[Captioned web images]
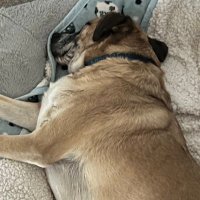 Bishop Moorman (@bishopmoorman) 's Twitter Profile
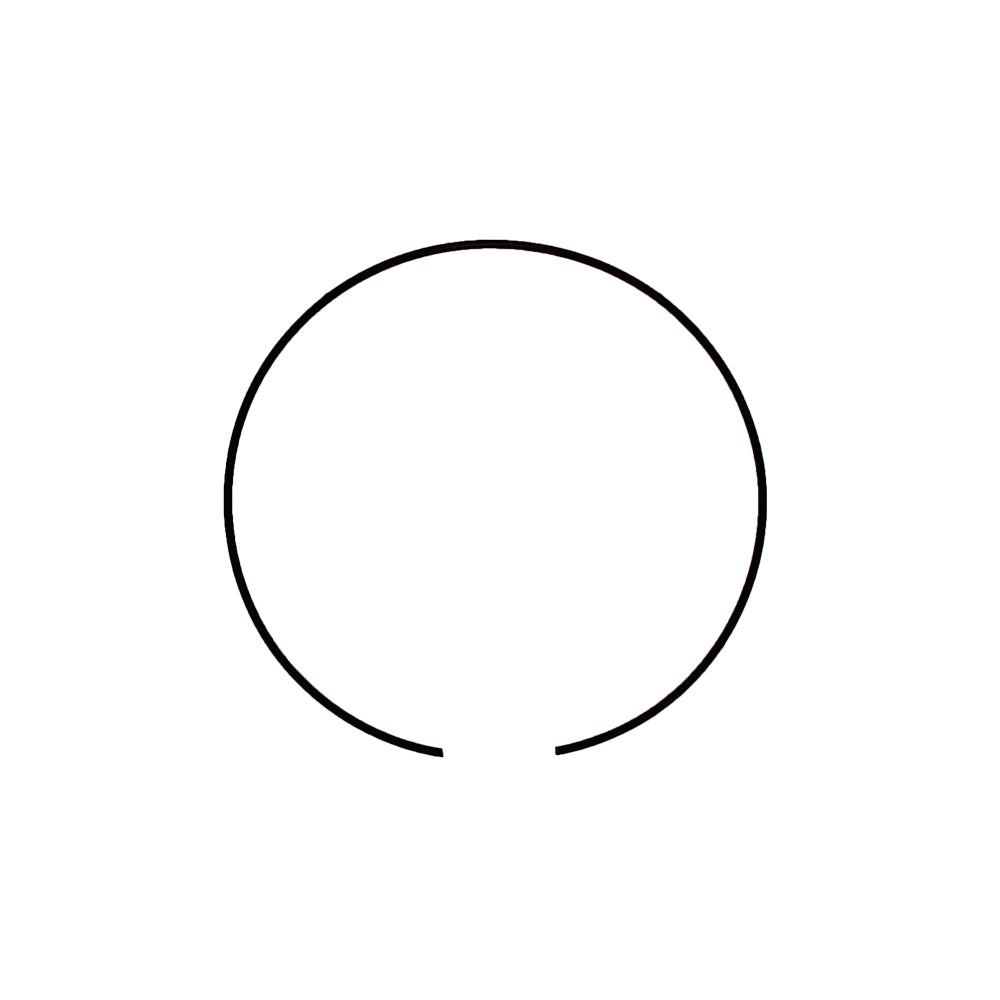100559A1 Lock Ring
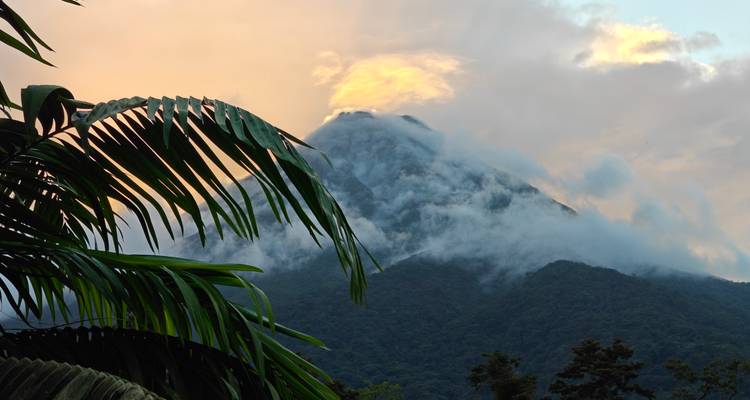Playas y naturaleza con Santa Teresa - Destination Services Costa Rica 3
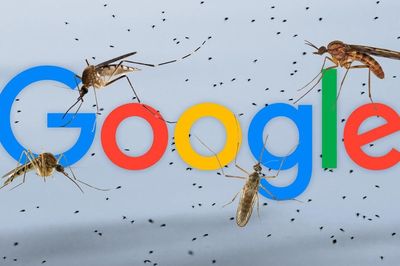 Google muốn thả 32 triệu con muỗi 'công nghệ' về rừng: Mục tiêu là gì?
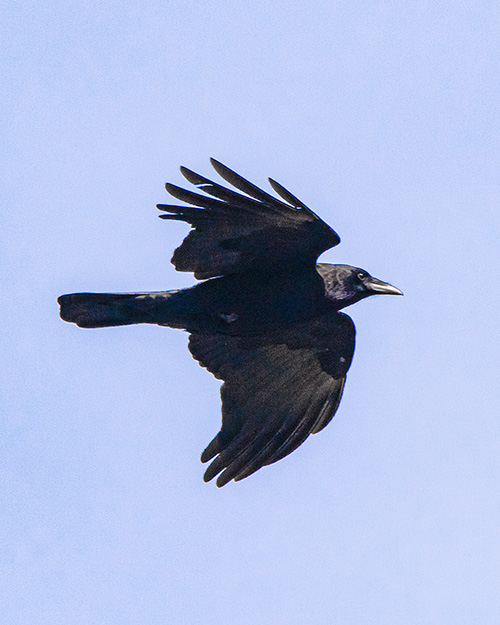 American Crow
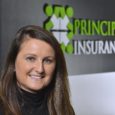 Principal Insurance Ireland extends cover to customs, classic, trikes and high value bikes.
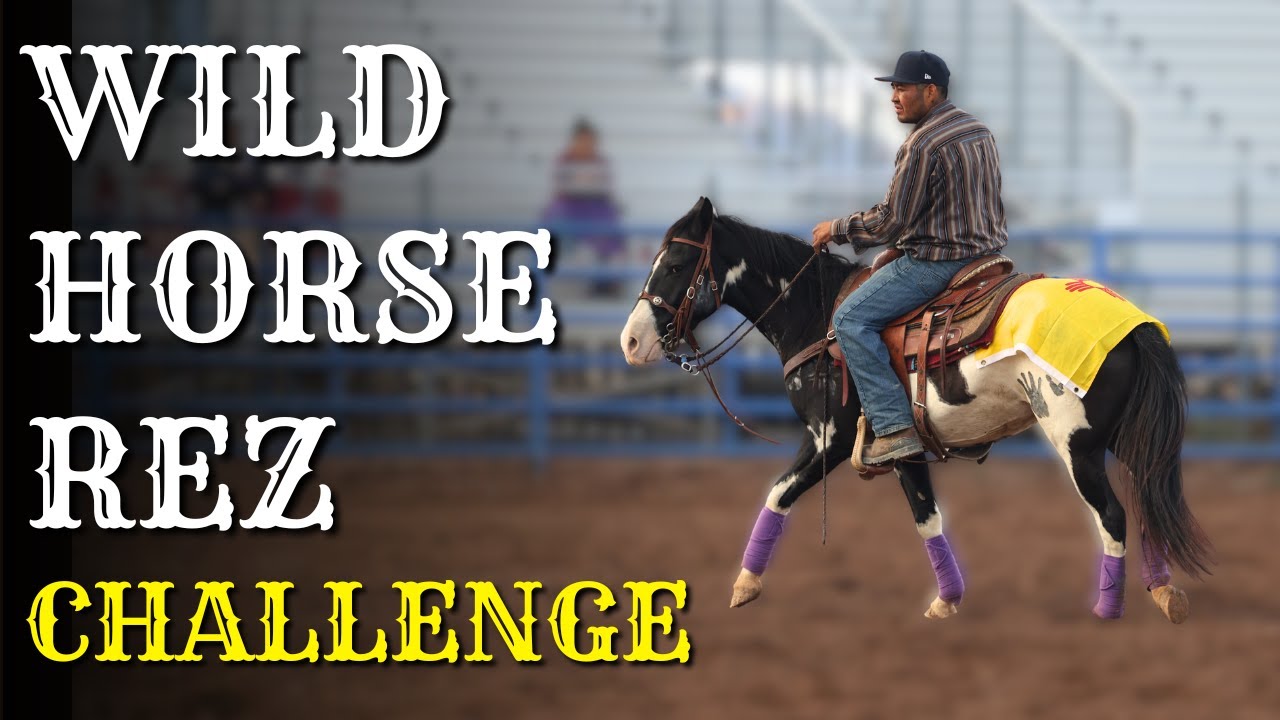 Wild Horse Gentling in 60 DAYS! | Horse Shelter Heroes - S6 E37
--
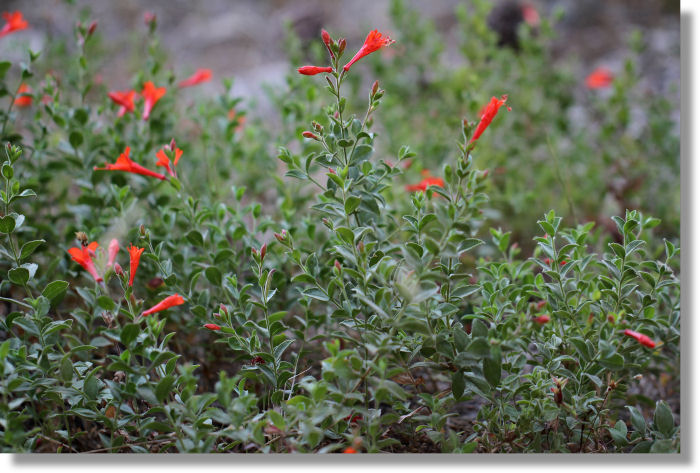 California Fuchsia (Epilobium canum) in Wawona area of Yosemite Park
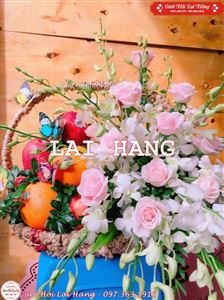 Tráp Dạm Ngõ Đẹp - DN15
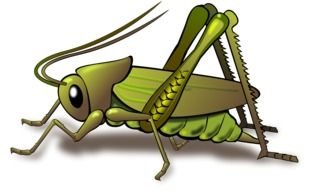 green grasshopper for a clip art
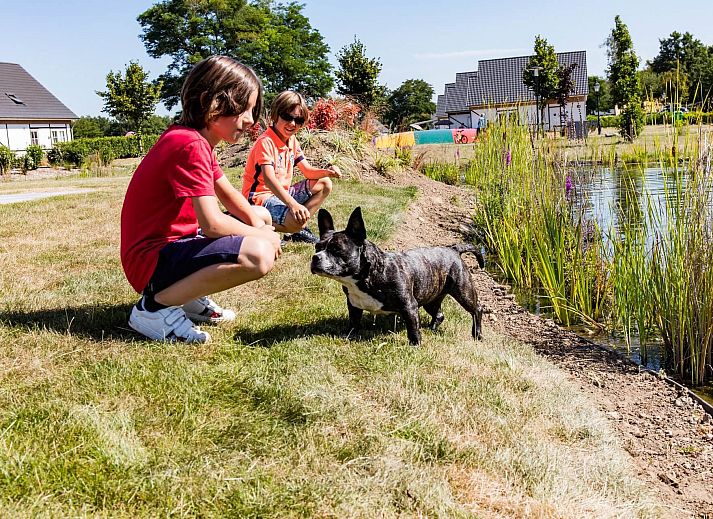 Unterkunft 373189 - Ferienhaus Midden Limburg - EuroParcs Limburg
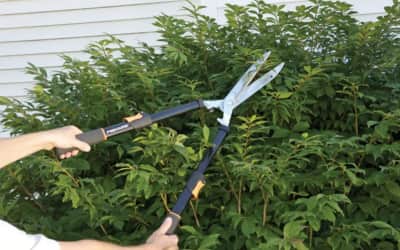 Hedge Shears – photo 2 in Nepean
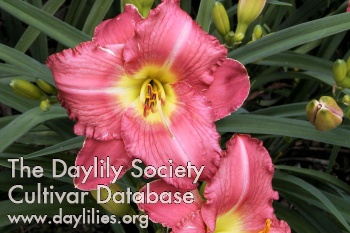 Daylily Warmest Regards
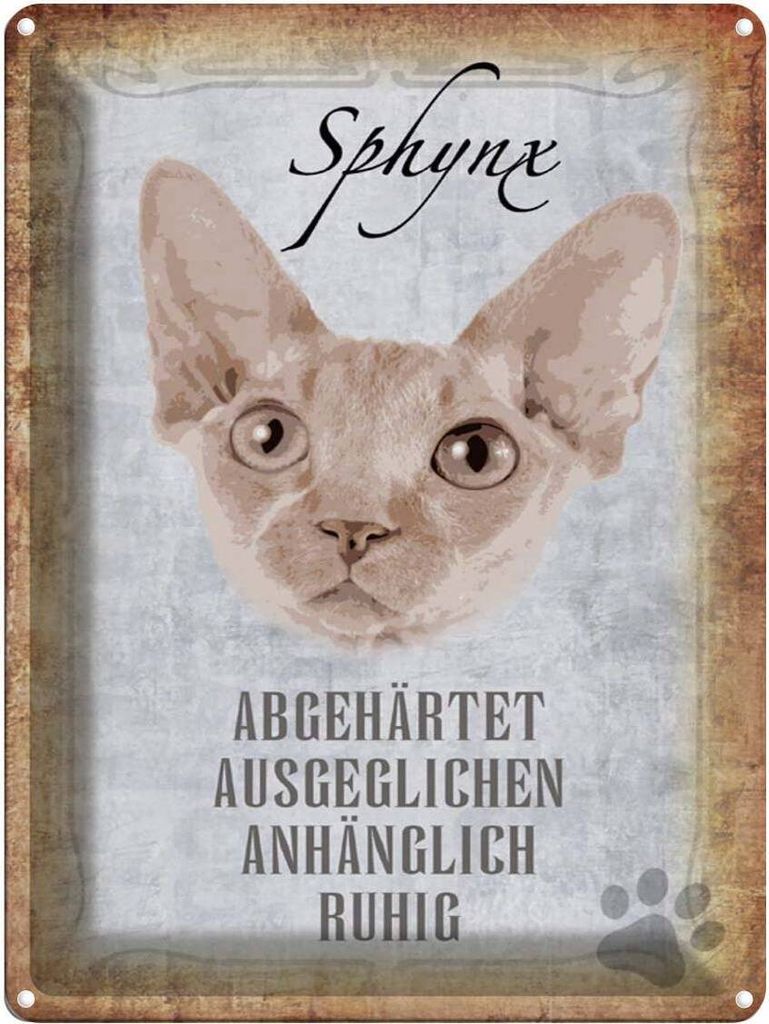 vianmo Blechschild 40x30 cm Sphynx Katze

EXERCISE OBJECTIVE:
Nothing but the lines above, starting at the line that contains "California Fuchsia (Epilobium" and ending at the line that contains "vianmo Blechschild 40x30 cm Sphynx Katze", should be given again, exactly and without the pictures.

SOLVED EXERCISE:
 California Fuchsia (Epilobium canum) in Wawona area of Yosemite Park
 Tráp Dạm Ngõ Đẹp - DN15
 green grasshopper for a clip art
 Unterkunft 373189 - Ferienhaus Midden Limburg - EuroParcs Limburg
 Hedge Shears – photo 2 in Nepean
 Daylily Warmest Regards
 vianmo Blechschild 40x30 cm Sphynx Katze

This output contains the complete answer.